How to get out of credit card debt

Because of how costly credit card debt is, it’s best to pay it off as quickly as possible. Even with large amounts of debt, there are a few steps you can take to speed up the process.

Stop using your credit cards

People often stay in debt longer than necessary because they keep using their credit cards. This isn’t a good idea. You’ll be charged interest on those new purchases, and any charges you make will add to your debt.

Don’t use your credit cards while you’re in debt. Take them out of your wallet and remove them from online accounts, so you’re not even tempted to pay with them. Stick to payment methods that won’t cost you interest or add to your debt, like your debit card and cash.

Cut expenses wherever you can

Take some time to look at where you’re spending money every month. For any expenses you don’t need, see if you can cut back or cut them entirely.

Groceries are one of the most common sources of overspending. Lots of people could save an extra $100 to $200 or more just by tightening up their grocery spending. Streaming services are another place you may be able to free up some cash. You don’t need to get rid of all of them. But if you’re currently paying for three or four streaming services, trim it down to one for now.
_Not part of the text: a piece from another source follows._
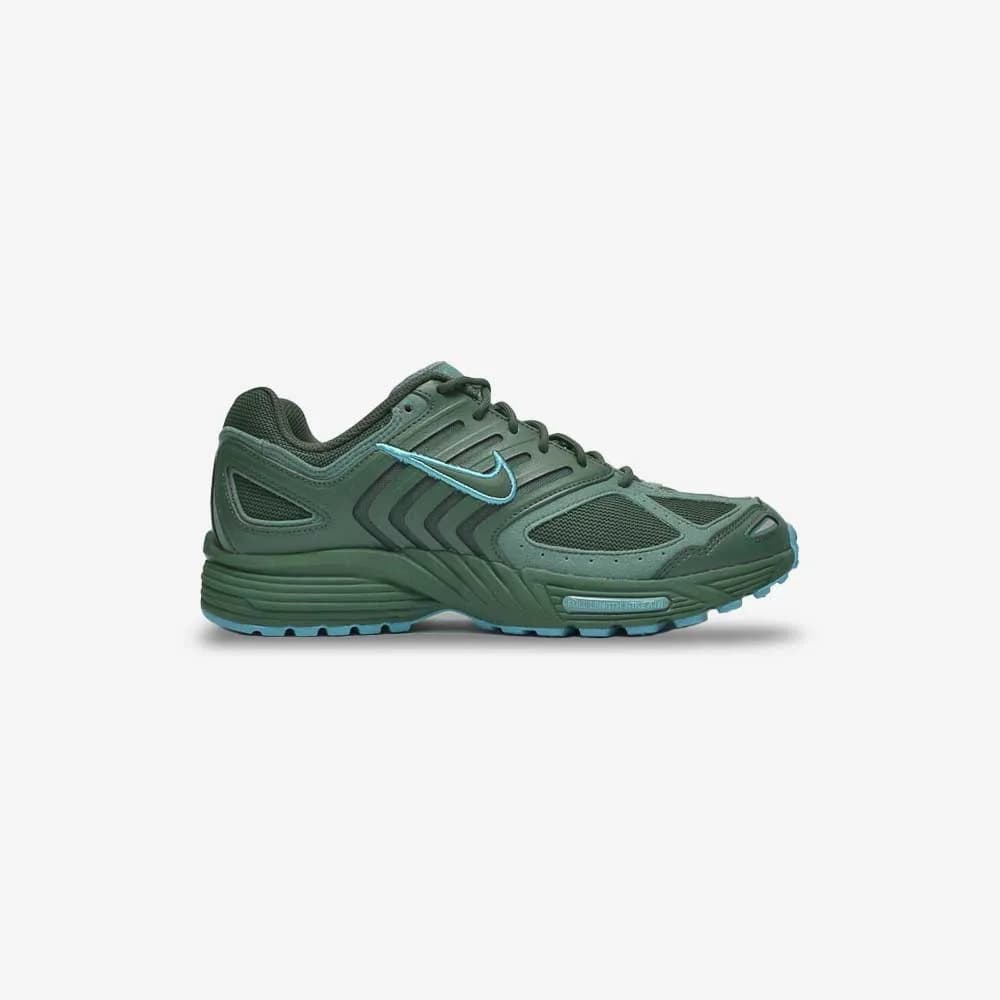 کتونی Nike مدل Air Pegasus 2K5 – FZ7354-300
Direct all your extra money toward your credit cards

When you’re in credit card debt, that’s where your extra money should be going. All that money you freed up by cutting back on expenses? Put it toward your credit cards. Earn any extra income from picking up more hours at work? Put it toward your credit cards.
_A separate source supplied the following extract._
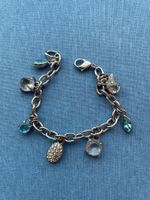 Swarovski Armband Damen neu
If you’re currently saving or investing any money, redirect most of that to your credit cards. It’s fine to save and invest a little — those are good habits, so it’s good not to completely stop them. But you shouldn’t be putting a large portion of your money into either right now. You’ll get a much better return by paying down credit card debt, since that’s likely costing you 20% or more in annual interest.

Look into debt consolidation loans or balance transfer cards

Depending on your credit score, you may be able to refinance your credit card debt. In general, people with cardholders in the mid-600s or higher can normally qualify for loans or balance transfer cards. Here’s how these work:

Debt consolidation loans: You get a personal loan and use it to pay off your credit card debt. Loans normally have lower interest rates than credit cards, and you’ll have a fixed payment amount and timeframe to pay off your debt this way.Balance transfer credit cards: You open a credit card with a 0% intro APR on balance transfers. For the intro period, which can be 18 months or longer with some cards, you won’t be charged any interest on balances you transfer over.

Both of these options can help you save money on interest and pay off your debt more quickly. Just keep in mind that it’s still important to pay as much as you can toward your debt, even if you refinance it.

A $10,000 credit card balance is a significant amount of debt. But if you work hard on paying it off, you could be debt-free faster than you think. If you pay $500 per month, you’ll be out of debt in 25 months — just over two years. And if you’re able to increase your payment amounts or refinance your debt along the way, you’ll pay it off even sooner.